Gabon : la post-transition à l’épreuve des investisseurs | Gabonreview.com | Actualité du Gabon |

Malgré le retour à l’ordre constitutionnel au Gabon, les marchés financiers restent, eux, sur leur réserve. Dans sa dernière note de conjoncture, la Banque mondiale souligne une reprise hésitante, une dette publique sous pression et une méfiance persistante des investisseurs internationaux malgré les efforts de stabilisation. Ce paradoxe interroge : pourquoi la légalité retrouvée ne suffit-elle pas à restaurer la crédibilité économique du pays ?

Les marchés n’achètent pas des discours, ils investissent dans la prévisibilité. © GabonReview
La démocratie, en théorie, rassure les investisseurs. Mais au Gabon, le retour à l’ordre constitutionnel semble n’avoir suscité qu’un haussement d’épaules sur les marchés. La présidentielle d’avril 2025, saluée par l’Union africaine comme «transparente et pacifique», n’a pas suffi à dissiper les doutes profonds qui pèsent sur l’économie. Car la confiance, elle, ne se décrète pas : elle se gagne, se construit, et surtout se mesure, à l’aune des fondamentaux macroéconomiques.
Une stabilité politique fragile selon les jugements impitoyables des marchés
La victoire écrasante de Brice Clotaire Oligui Nguema (90,35 % des voix) et l’adoption d’une nouvelle Constitution auraient pu offrir au Gabon un répit, voire un regain de crédit. Pourtant, la note de conjoncture de la Banque mondiale, publiée il y a quatre semaines, tempère rapidement tout optimisme excessif : «Les perspectives macroéconomiques restent marquées par un risque élevé de détérioration.» Les agences de notation ne disent pas autre chose : Fitch maintient la note souveraine du pays à CCC, un niveau ultra-spéculatif qui traduit un risque de défaut jugé très probable.
Pourquoi une telle sévérité ? Parce que, derrière le vernis institutionnel, les déséquilibres restent criants. Le déficit budgétaire s’est creusé à 3,7 % du PIB en 2024, les arriérés de paiement ont atteint près de 3 %, et la dette publique frôle désormais les 75 % du PIB selon Fitch. Comme le résume la Banque mondiale dans un passage sans appel, le Gabon «reste vulnérable aux chocs de prix, au resserrement des conditions de financement, et à une faible mise en œuvre des réformes.»
Les signaux envoyés par le gouvernement n’ont pourtant pas manqué. Forum économique Gabon-France, plan de développement 2024–2026, diversification vers les mines, le bois, et l’agriculture… Les annonces se multiplient, tout comme les engagements internationaux.
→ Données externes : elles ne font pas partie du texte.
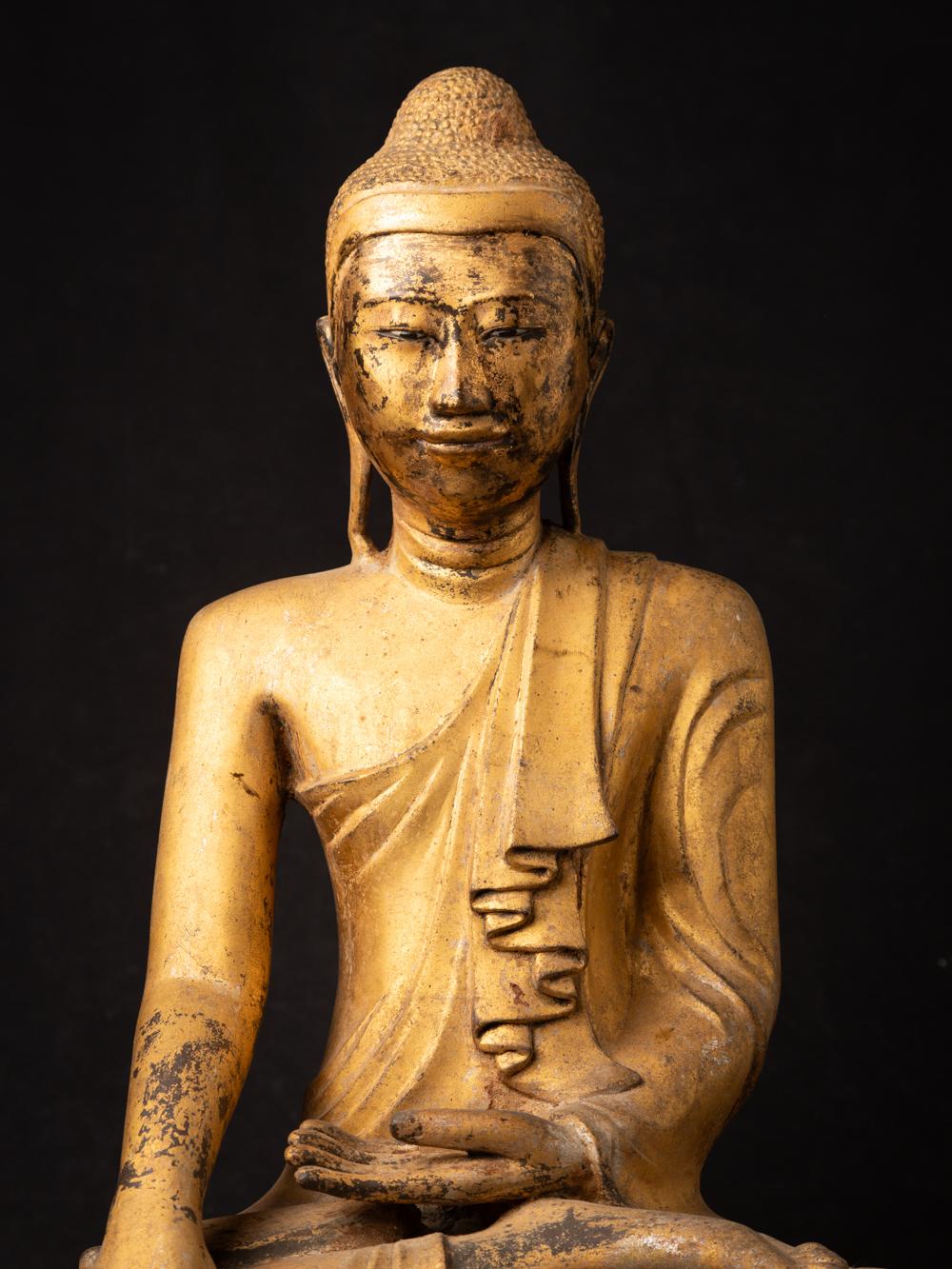 The antique bronze Burmese Mandalay Buddha is a captivating and sacred artifact originating from Burma. Crafted from bronze and gilded with 24-karat gold, this Buddha statue stands at 54 cm in height and measures 39 cm in width and 25.5 cm in depth.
Mais pour les marchés, les mots n’ont de poids qu’accompagnés de preuves tangibles.
Entre réformes proclamées et incertitudes budgétaires
C’est précisément là que le bât blesse. Si la Banque mondiale reconnaît «une amélioration relative du cadre budgétaire» depuis fin 2023, elle pointe aussi «une transparence encore insuffisante dans l’exécution des dépenses publiques» et un risque croissant lié à la stratégie d’endettement. Le recours massif aux marchés régionaux – pourtant salué pour son taux de souscription élevé – n’est pas une garantie de stabilité, surtout dans un contexte de resserrement monétaire global.
Les performances ponctuelles, telles que le rachat anticipé des eurobonds de 2025, masquent mal une réalité plus structurelle : les dépenses courantes restent élevées, la masse salariale publique représente 6,9 % du PIB, et les recettes non pétrolières stagnent. Résultat : la trajectoire budgétaire, même avec les prévisions de croissance (2,4 % entre 2025 et 2027), ne convainc pas encore.
Au fond, la méfiance actuelle traduit un jugement plus global sur la gouvernance économique du pays. Comme l’indique finement la Banque mondiale, «le principal risque interne est lié à une mise en œuvre incomplète ou inéquitable des réformes.» Cela vaut autant pour la politique fiscale que pour la gestion de la dette ou la transparence budgétaire.
Les investisseurs, eux, ne regardent pas uniquement les urnes : ils scrutent les bilans, les ratios, les tableaux de bord. Et si la stabilité politique est une condition nécessaire à la confiance, elle n’en est pas une condition suffisante. Il faut désormais prouver que l’État gabonais peut gérer ses finances, rendre ses politiques prévisibles, et tenir ses engagements… sans dépendre éternellement de ses hydrocarbures. Autrement dit, le Gabon est à un carrefour. Il ne lui manque pas la parole : il lui faut la preuve.